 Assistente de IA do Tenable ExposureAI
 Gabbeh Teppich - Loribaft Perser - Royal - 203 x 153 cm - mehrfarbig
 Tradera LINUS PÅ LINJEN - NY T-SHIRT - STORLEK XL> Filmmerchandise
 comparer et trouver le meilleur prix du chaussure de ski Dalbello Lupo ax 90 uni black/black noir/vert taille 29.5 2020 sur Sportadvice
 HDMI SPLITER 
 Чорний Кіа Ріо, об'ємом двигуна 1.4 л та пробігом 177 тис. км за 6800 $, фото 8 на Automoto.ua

◆ ◆ ◆ ◆

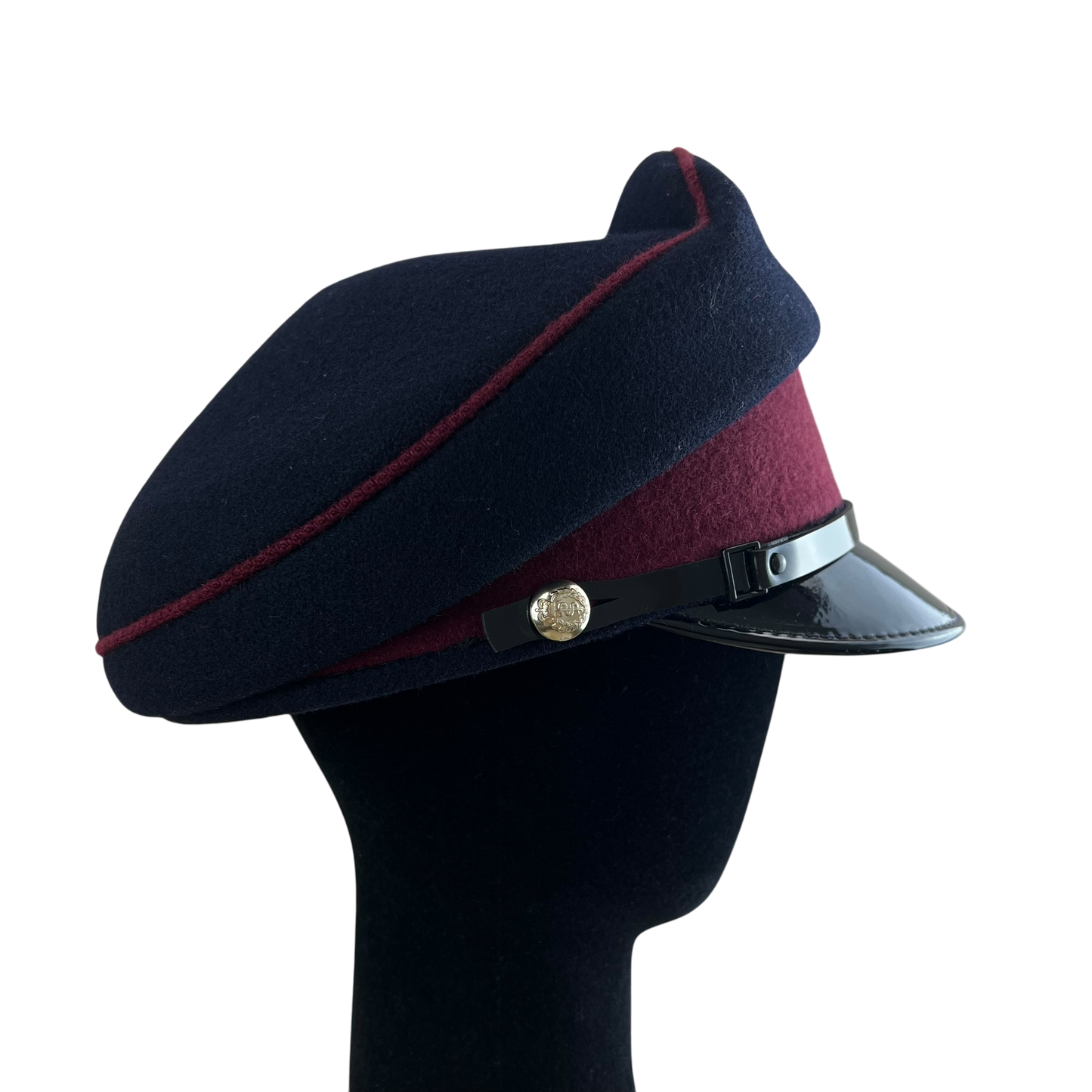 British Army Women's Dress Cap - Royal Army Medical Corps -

◆ ◆ ◆ ◆

*DESCRIPTION OF THE TASK*: Would you print exactly and only the lines of the material above that run from the line with "Assistente de IA do Tenable ExposureAI" through the line with "Чорний Кіа Ріо, об'ємом", both included?

*OUTPUT OF THE EXERCISE*:
 Assistente de IA do Tenable ExposureAI
 Gabbeh Teppich - Loribaft Perser - Royal - 203 x 153 cm - mehrfarbig
 Tradera LINUS PÅ LINJEN - NY T-SHIRT - STORLEK XL> Filmmerchandise
 comparer et trouver le meilleur prix du chaussure de ski Dalbello Lupo ax 90 uni black/black noir/vert taille 29.5 2020 sur Sportadvice
 HDMI SPLITER 
 Чорний Кіа Ріо, об'ємом двигуна 1.4 л та пробігом 177 тис. км за 6800 $, фото 8 на Automoto.ua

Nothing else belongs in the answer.